Various issues pointed out by the paper

The Bhutanese did a four-part series of investigative stories on the MLCPs between October and November 2020.

A source said that the ACC review of the project started after looking at the information in these stories.

The paper in its story pointed out how the main advisor in the project the International Finance Corporation (IFC) had estimated the total cost of the two MLCPs at Nu 478 mn in 2014.

The estimate by the IFC took into account the amount of steel, concrete, design, other inputs and the seismic zone of Bhutan and its requirements.

CE Construction of Nepal which has experience in such projects also did its own cost estimate on behalf of KCR and put an estimate of around Nu 480 mn.

However, later KCR citing design changes by Thimphu Thromde pushed the project cost to Nu 600 mn in 2014 itself and took Nu 586 mn in loans from BoB.

Experts the paper talked to said that the design changes by Thimphu Thromde should not have led to such cost escalations.

KCR successfully completed the two MLCPs and started commercial operations in in July 2019 but after around year of operations it applied for another Nu 439 mn in loans.

The paper pointed to how the 22-year lease agreement may not even be enough to recover the money, going by the dramatic cost escalation of the MLCP project and its current revenue.

According to a reliable source the Nu 439 mn additional loan being sought is based on the cost escalation of the project and also claims by the project that it needs to create commercial space including space for the vegetable vendors.

However, on the ground the 20 percent commercial space has already been created including shops and a hotel in MLCP 1 so it is not clear what additional commercial space was being created.

As for the space for vegetable vendors the structures created are mainly wooden partitions and KCR had told the reporter that the cost of the wooden partitions would be around Nu 3 to Nu 5 mn.

The paper found that IFC recommended to the Thimphu Thromde and KCR Pvt Ltd to hire a Monitoring Consultant to monitor the construction phase of the project.

This independent consultant using the Concession Agreement between the Thromde and KCR as its guide would ensure that the required inputs go in, look at design changes and would also look at additional costs among other things.

The recommendation by the IFC for the consultant was also made keeping in mind the limited capacity of an already overstretched Thimphu Thromde whose engineers have to monitor an array of projects and private constructions.
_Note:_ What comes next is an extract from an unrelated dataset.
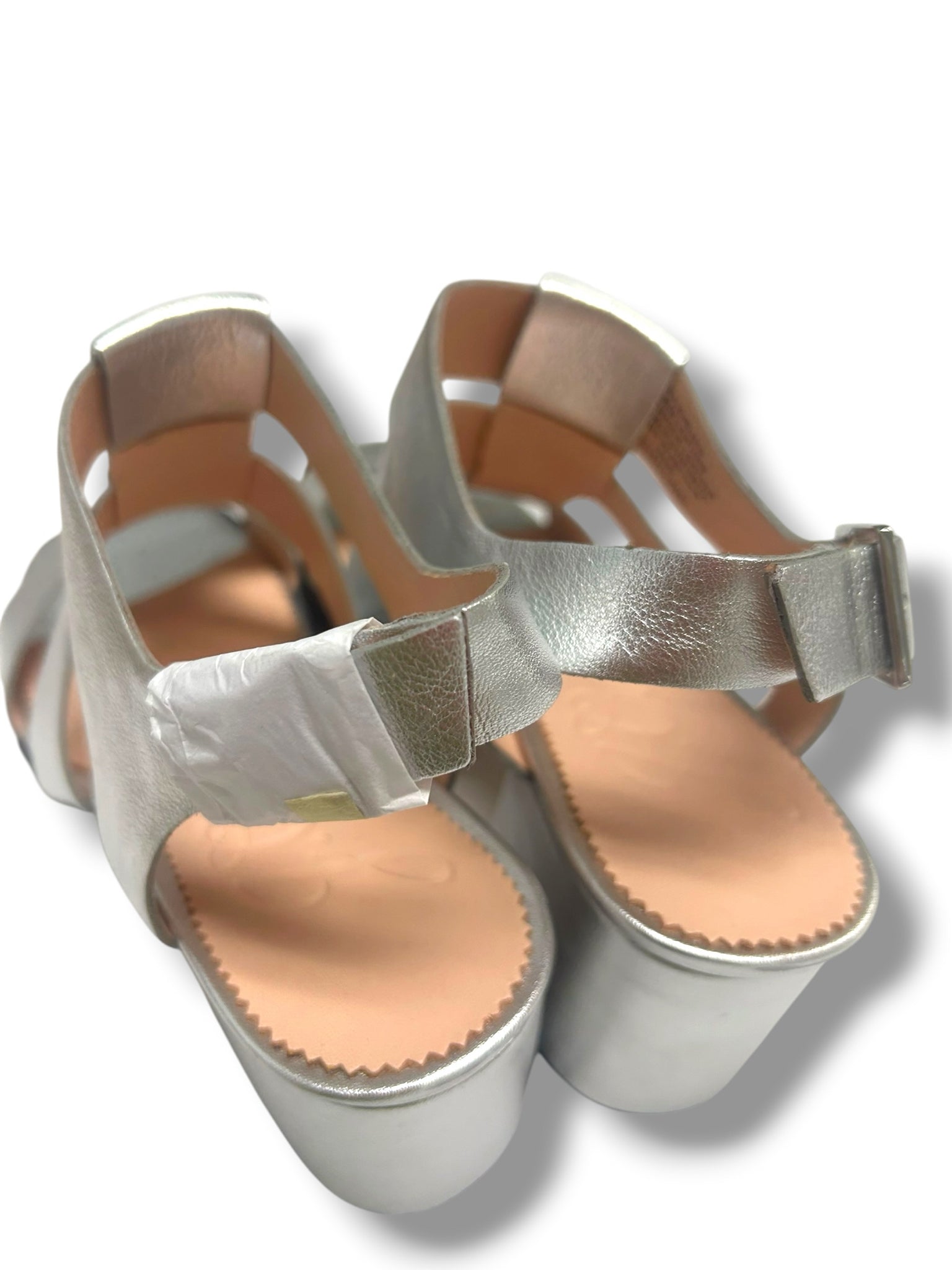 NEW IN BOX J.CREW METALLIC DYLAN FISHERMAN SILVER HEEL SANDALS SIZE 8.5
Another factor was that this was Bhutan’s first PPP project including both public resources and private investment.

The consultant was supposed to be paid 50:50 by the Thromde and KCR.
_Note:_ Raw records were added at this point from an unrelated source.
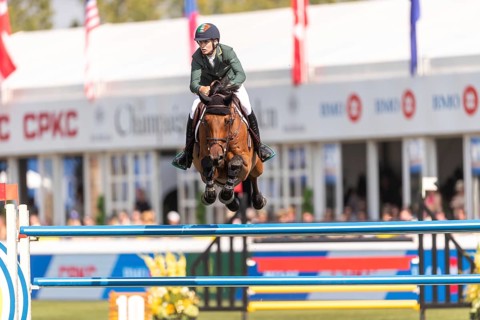 Tom Wachman of Ireland, riding Tabasco De Toxandria Z, competes in the first round of the 2025 BMO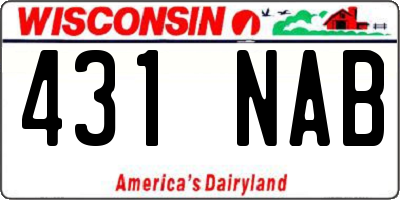 WI license plate 431NAB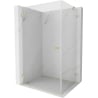 Mexen Lunar-B hinged shower cabin left 100 x 80 cm, transparent, brushed gold - 832-100-080-55-00-L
However, both the Thimphu Thromde and KCR decided to not have the independent consultant.

A former employee of KCR on the condition of anonymity had said that there was only one thromde engineer for both the sites and that engineer was not at the site full time but only came occasionally to give certain approvals. “It was like a Thromde engineer occasionally monitoring a private construction,” the ex-employee said. 

Namgay Penjore had said that the KCR with the support of the Thimphu Thromde has applied to the government to extend the Concession Period from 22 years to 30 years.

The paper found that the current government had violated the FDI rules to allow the Nepal partner to pull out of the shares, though the equity is still stuck here.

The cabinet on the basis of a request by Thimphu Thromde had waived for fines and revenue due of Nu 8.153 mn from KCR to Thimphu Thromde last year from 2017 to 2019. Thimphu Thromde has applied to the cabinet again for KCR’s revenue from the MLCPs due to Thimphu  Thromde from 2019 to 2020 coming to 4.143 mn to also be waived off.

The paper also did a story on a section of the ‘Performance Audit on Urban Planning and Development in Thimphu Throm,’ report by the Royal Audit Authority (RAA) which pointed to various irregularities and inconsistencies by Thimphu Thromde in the tendering of the two Multi Level Car Parks (MLCPs) and apart from that has also said that Thimphu Thromde is incurring a huge revenue loss every year from the parking fees collected by the two contracted companies.